This collector gathers performance metrics for Intel integrated GPUs.
It relies on the [`intel_gpu_top`](https://manpages.debian.org/testing/intel-gpu-tools/intel_gpu_top.1.en.html) CLI tool but avoids directly executing the binary.
Instead, it utilizes `ndsudo`, a Netdata helper specifically designed to run privileged commands securely within the Netdata environment.
This approach eliminates the need to grant the CAP_PERFMON capability to `intel_gpu_top`, improving security and potentially simplifying permission management.




This collector is supported on all platforms.

This collector supports collecting metrics from multiple instances of this integration, including remote instances.


### Default Behavior

#### Auto-Detection

This integration doesn't support auto-detection.

#### Limits

The default configuration for this integration does not impose any limits on data collection.

#### Performance Impact

The default configuration for this integration is not expected to impose a significant performance impact on the system.


## Metrics

Metrics grouped by *scope*.

The scope defines the instance that the metric belongs to. An instance is uniquely identified by a set of labels.
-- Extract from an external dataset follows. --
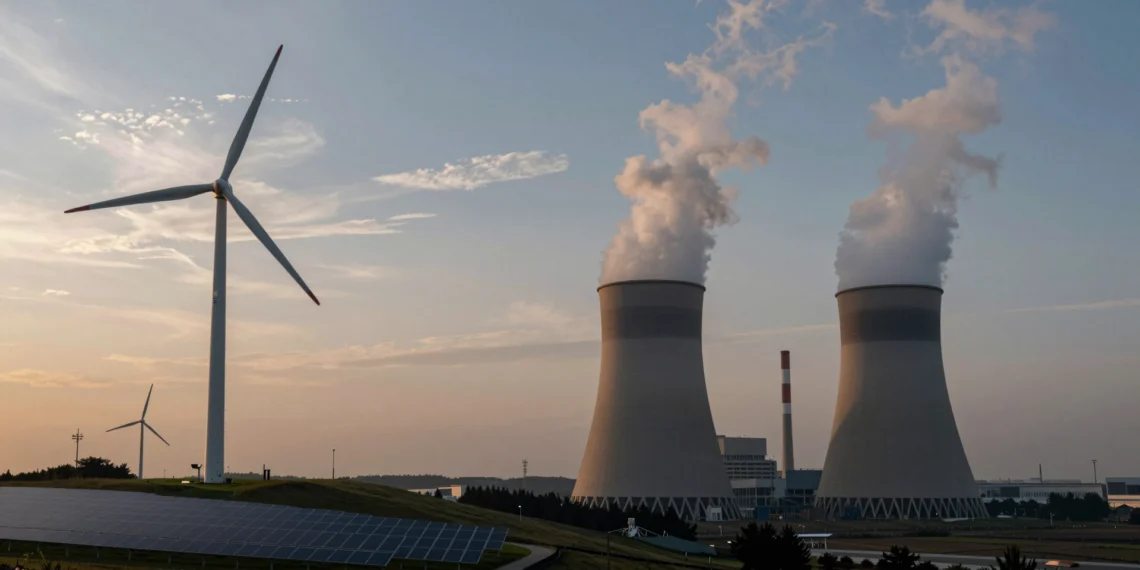 Europa impulsa la transición energética más rápida de su historia, pero el consumo mundial de carbón bate récords 1 Contraste entre parque eólico europeo con turbinas y paneles solares y central eléctrica de carbón con humo gris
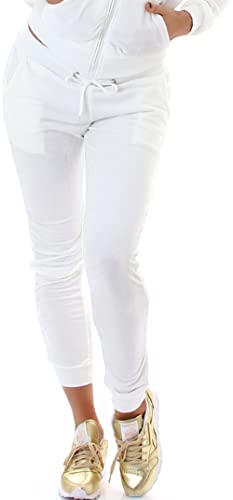Jela London Damen Nicki Jogginghose Samt Velour Homewear, Weiß 36 38 (M) von Jela London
### Per Intel GPU instance

These metrics refer to the Intel GPU.

This scope has no labels.

Metrics:

| Metric | Dimensions | Unit |
|:------|:----------|:----|
| intelgpu.frequency | frequency | MHz |
| intelgpu.power | gpu, package | Watts |

### Per engine

These metrics refer to the GPU hardware engine.

Labels:

| Label      | Description     |
|:-----------|:----------------|
| engine_class | Engine class (Render/3D, Blitter, VideoEnhance, Video, Compute). |
| engine_instance | Engine instance (e.g. Render/3D/0, Video/0, Video/1). |

Metrics:

| Metric | Dimensions | Unit |
|:------|:----------|:----|
| intelgpu.engine_busy_perc | busy | percentage |



## Alerts

There are no alerts configured by default for this integration.


## Setup

### Prerequisites

#### Install intel-gpu-tools

Install `intel-gpu-tools` using your distribution's package manager.


### Configuration

#### File

The configuration file name for this integration is `go.d/intelgpu.conf`.


You can edit the configuration file using the `edit-config` script from the
Netdata [config directory](/docs/netdata-agent/configuration/README.md#the-netdata-config-directory).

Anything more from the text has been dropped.